§ Description of the task
Repeat the listing below in full and exactly, but without its pictures.

§ Data shown
★ ★ ★ ★ ★ ★ ★

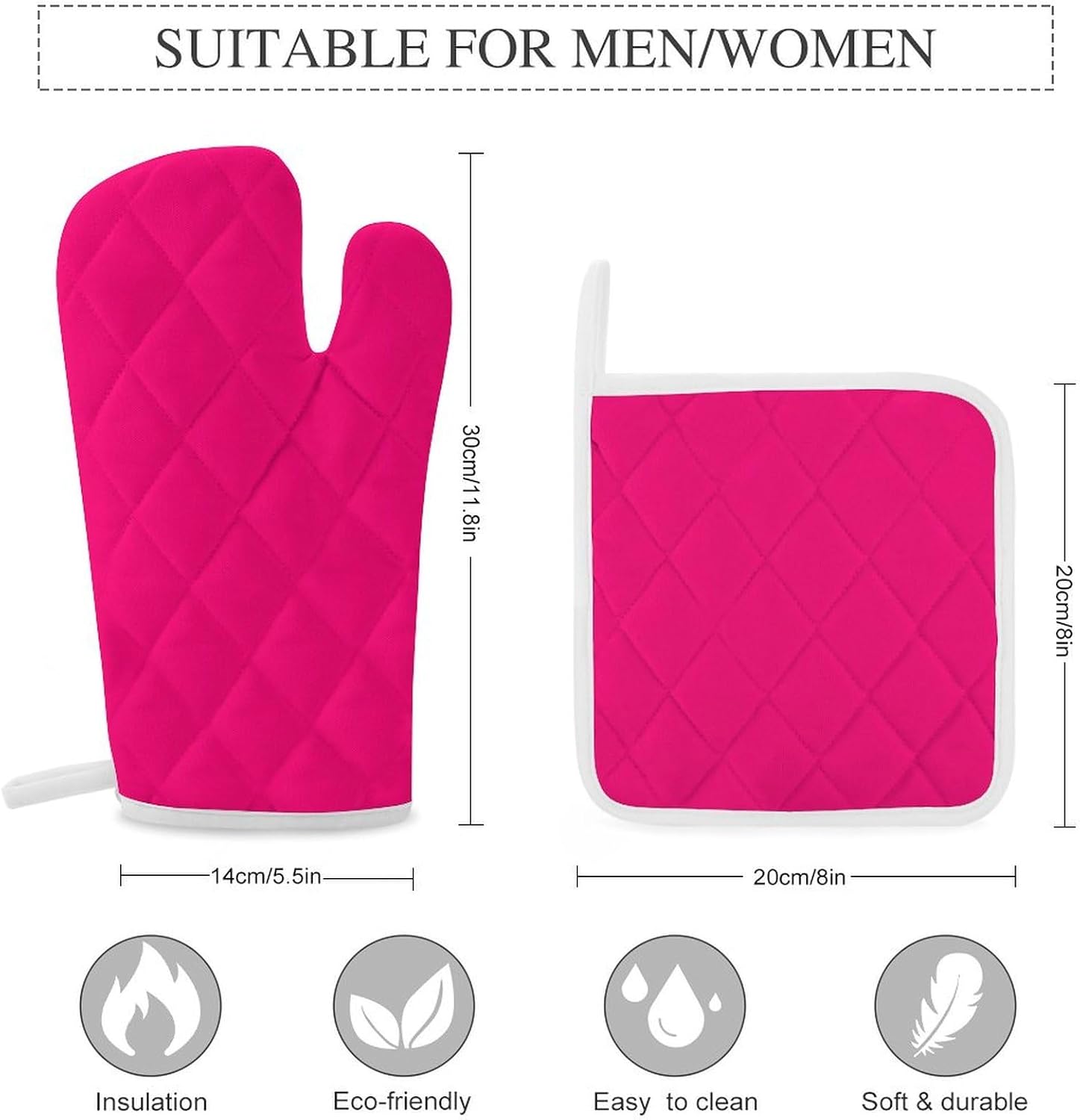 Curdesi 3PK Oven Mitts Set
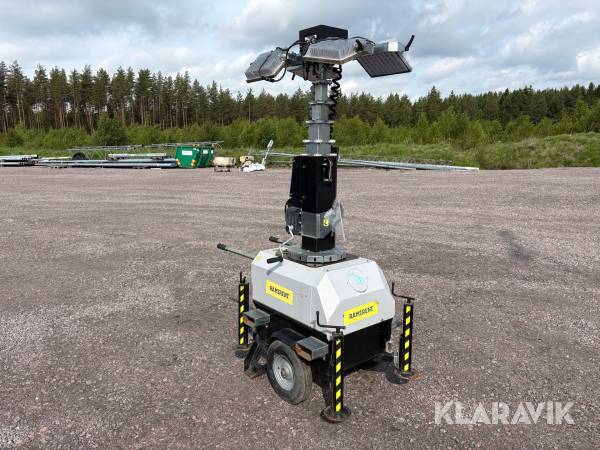Belysningsmast TSR-LIGHT Luxtower 4x150W LED 7m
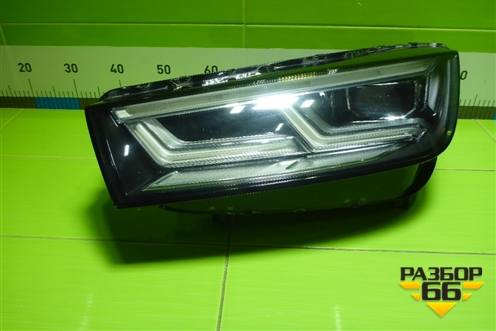 Фара левая (до 2020г Led без блоков) (80A941783) для Audi Q5 с 2017г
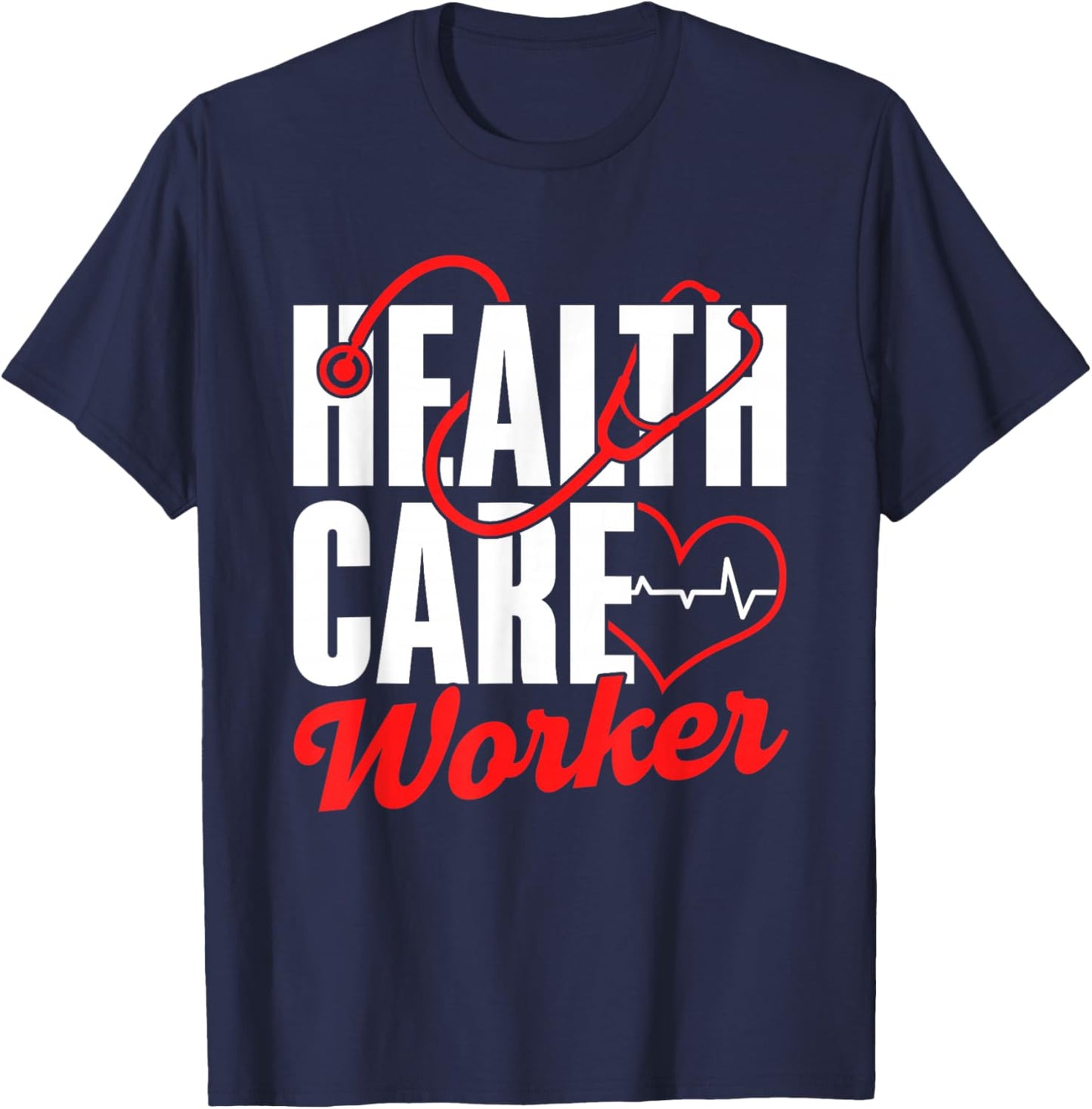 Health Workers Right System Free Health Care T-Shirt - T-Shirt | Navy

★ ★ ★ ★ ★ ★ ★

§ Answer space
 Curdesi 3PK Oven Mitts Set
Belysningsmast TSR-LIGHT Luxtower 4x150W LED 7m
 Фара левая (до 2020г Led без блоков) (80A941783) для Audi Q5 с 2017г
 Health Workers Right System Free Health Care T-Shirt - T-Shirt | Navy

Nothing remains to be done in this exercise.